__STORED DATA__
──────

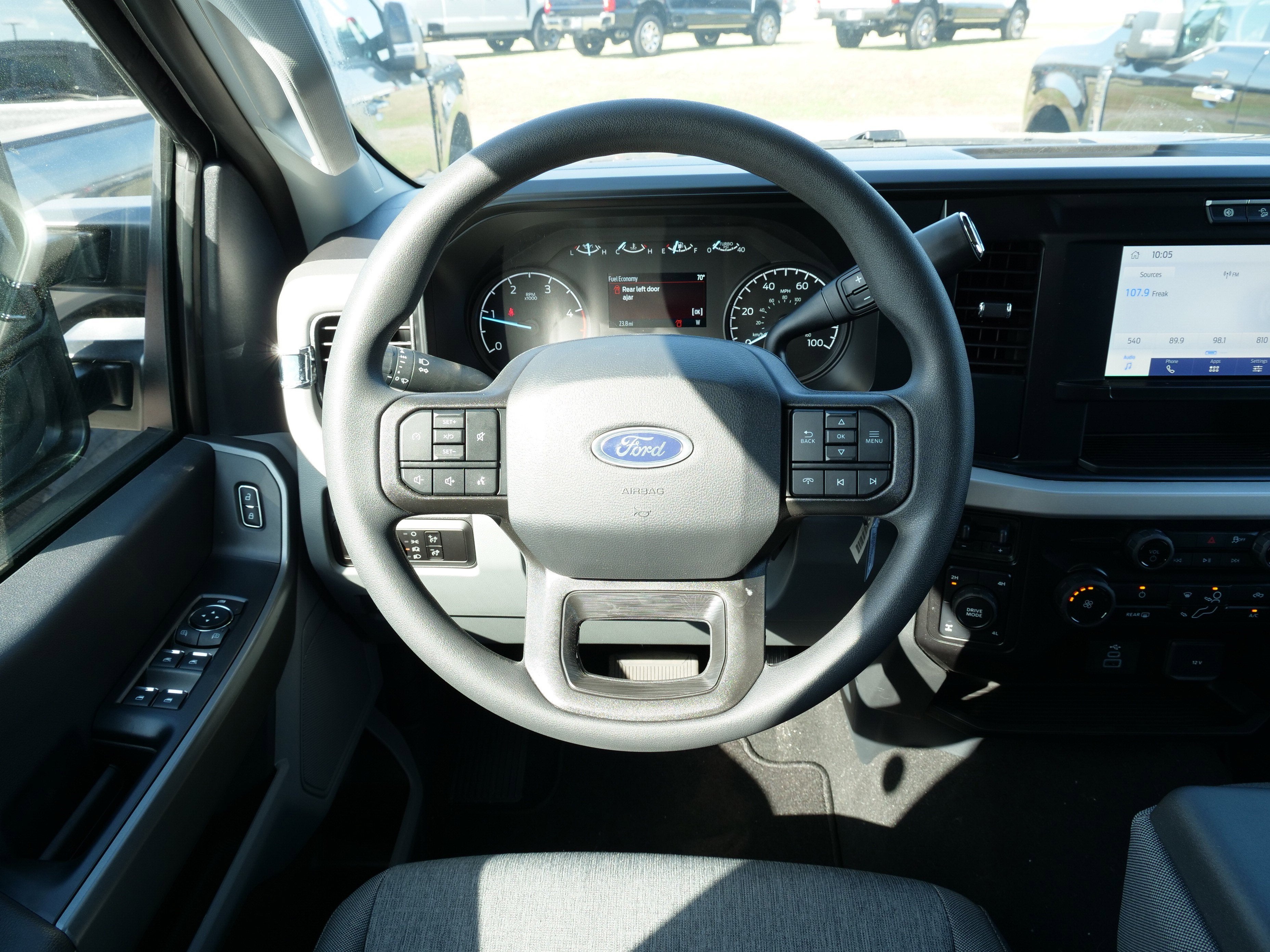 2026 Ford Super Duty F-350 SRW XL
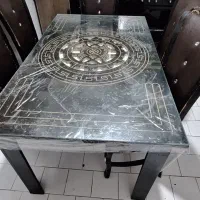 میزناهارخوری شش نفره باصندلی های چرم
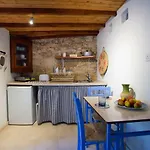 Cecilias Courtyard * Malya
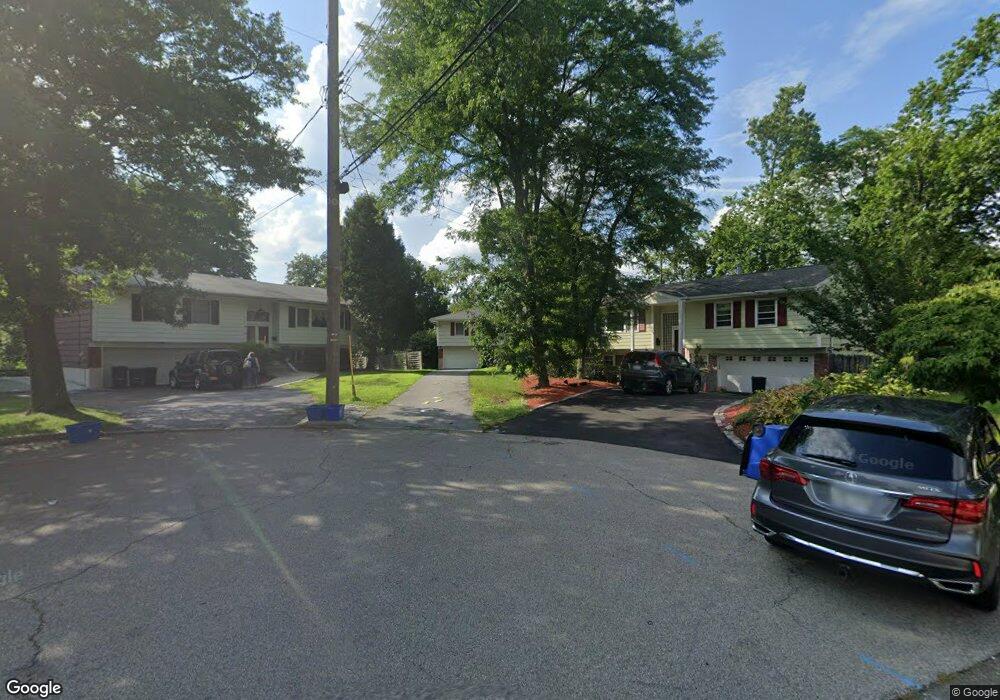 31 Chestnut Ridge Way, Dobbs Ferry, NY 10522 - photo 1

──────

__TASK GOAL__
Could you give back the full listing word for word, leaving out the images?

__TASK RESULT__
 2026 Ford Super Duty F-350 SRW XL
 میزناهارخوری شش نفره باصندلی های چرم
 Cecilias Courtyard * Malya
 31 Chestnut Ridge Way, Dobbs Ferry, NY 10522 - photo 1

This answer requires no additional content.